Sarah Dineen received a Bachelor of Fine Arts degree from Montserrat College of Art will receive a Master of Fine Arts degree from the School of Visual arts in New York in May 2015. Her current body of work, Certain Dark Things, consists of over fifty large-scale paintings based on Pablo Neruda’s poem Sonnet XVII. You can view more of her work here:

Donna Emerson has photographed since she was ten, when her aunt gave her a box camera. Donna’s images have appeared in one and two women shows, galleries in San Francisco, Mendocino and Hopland, California, in private homes, and in publications such as the New York Times, Stepping Out, LUX (multimedia issues for 2013, 2014).

Julie Fowler grew up in Pennsylvania, graduated from the University of Delaware with a degree in Business/Philosophy concentration and recently relocated back to beautiful PA from NY. Her work (under the name Julie Stuckey) has appeared or is forthcoming in many literary journals and anthologies, including A Handful of Dust, Amoskeag, Anderbo, Apropos Literary Journal, Blast Furnace, Broad River Review, Dove Tales Literary Journal, Moonshot Magazine, Open to Interpretation/Intimate Landscape, Prairie Wolf Press Review, Seven Hills Review, This Great Society, Verdad, and Wilderness House Literary Review.

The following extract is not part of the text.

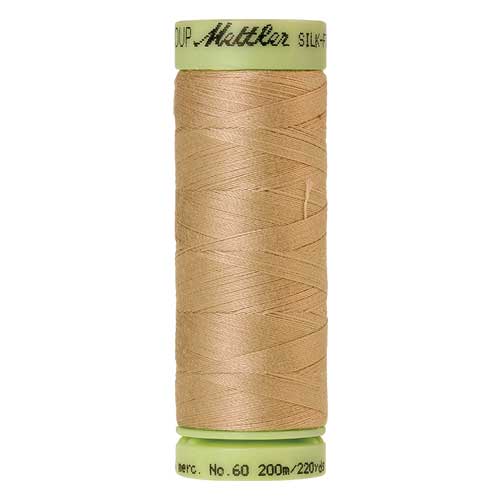 0538 - Straw Silk Finish Cotton 60 Thread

Hugo Gola (b. 1927) is one of the great contemporary Argentinian poets. He taught literature until 1975, when he left the country due to the imminent military dictatorship, moving to England and settling finally in Mexico, until his return to Argentina, in 2011, where he received the National Poetry Award that same year. Hugo Gola translated Gastón Bachelard, Paul Valéry and César Pavese, among others. As director of two influential journals published in México, Poesía y Poética (1988-1990) and El poeta y su trabajo (2000-2010), Gola made available key works by crucial poets and artists of the 20th century. In 2004 his collected poetry, Filtraciones, was published. Other titles include Prosas, 2007, Retomas, 2008, and Resonancias renuentes, 2011.

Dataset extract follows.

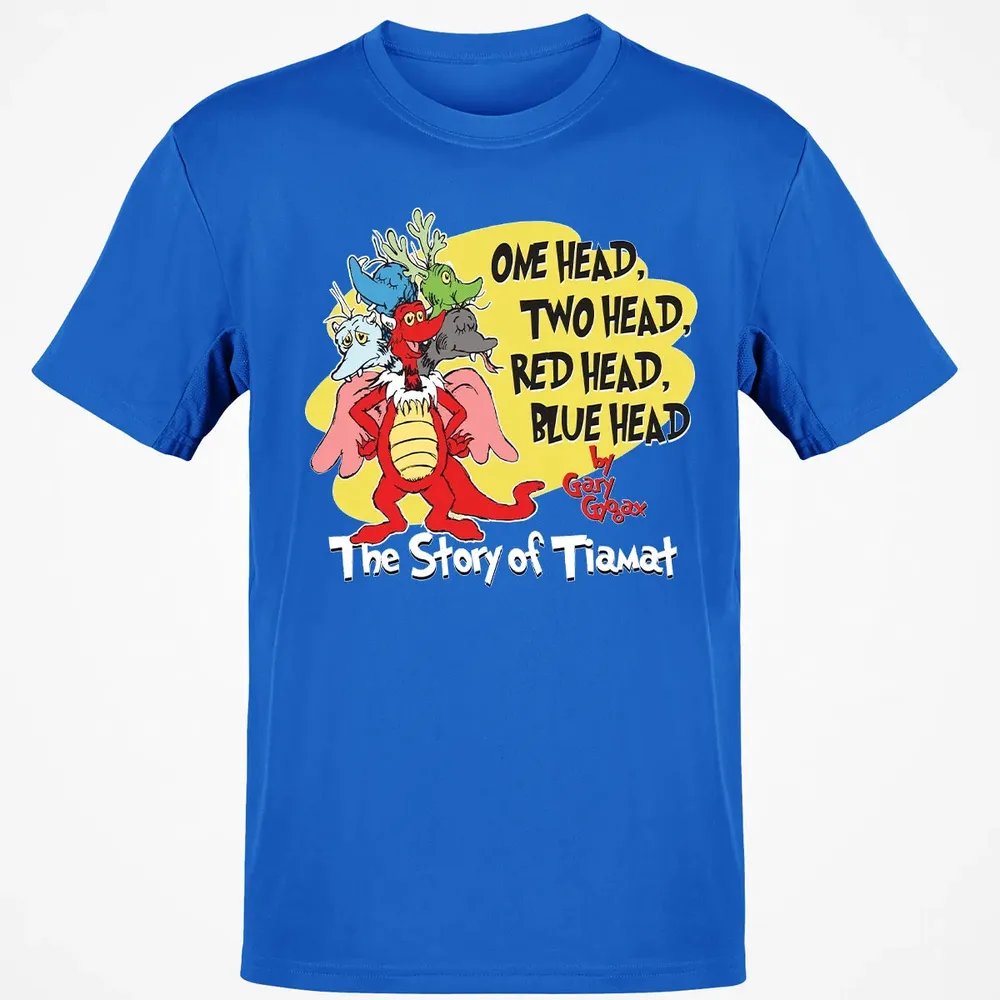 The Story Of Tiamat Classic Unisex T-Shirt - 12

Hugo García Manríquez (b. 1978) is a graduate student at UC Berkeley. His work as a translator includes William Carlos Williams’ Paterson, published in Mexico in 2009, and, in 2014, Mecha de Enebros, his translation of Juniper Fuse: Upper Paleolithic Imagination & the Construction of the Underworld by Clayton Eshleman, among others. He has published several books of poetry in Spanish and English. His most recent work is the bilingual book Anti-Humboldt: A Reading of the North American Free Trade Agreement (Litmus Press/Aldus Editorial, 2015)

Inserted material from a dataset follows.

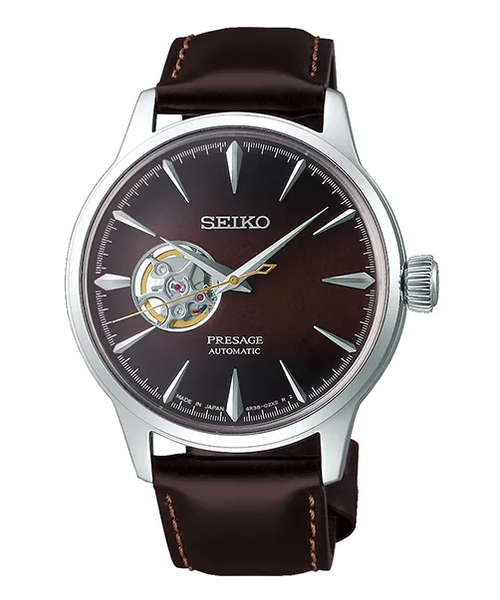 Đồng Hồ Nam Chính Hãng SEIKO Presage SSA407J1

Kathryn Haemmerle has been published in 2River View, an online poetry journal. She grew up in the Chicagoland area and the Florida Panhandle and previously lived in Indiana. Currently, she lives and works in Boston.

Blair Hurley is a graduate of Princeton University, with a B.A. in English and Creative Writing. She recently earned her M.F.A. from NYU’s Program in Fiction. Her short stories have been published or are forthcoming in Washington Square, Hayden’s Ferry Review, Descant, Green Hills Literary Lantern, The Red Rock Review, The Best Young Writers and Artists in America, and elsewhere. She is the recipient of fellowships from the Vermont Studio Center and the Writer’s Room of Boston.

Julia Rose Lewis is working towards her MFA at Kingston University London. She is a member of the Moors Poetry Collective of Nantucket. Her poems have appeared in their anthologies, “Lemmon Hummus” and “Tips on Throwing a Housewarming Party in a Small Space”.

 Ashley P. Taylor is a journalist, essayist, and critic based in Brooklyn, New York. Her book reviews and essays have previously appeared in The Brooklyn Rail. Taylor further explores the themes of blindness and uncertainty introduced here in “Public Art” in two other unpublished essays.

George Woodward graduated with a BA in fine art and middle eastern/ South Asia students from UC Davis in 2013. His work is defined by contradicting ideas, whether those be of sociopolitical or minimalist subjects, in sculpture and in painting. The perplexing influence of internal emotions and anxieties is the common thread among his creations and this drives him to continually experiment and take risks. Woodward’s art has never had one focus, but it is connected by these feelings. He is a transient, currently residing in Houston, TX.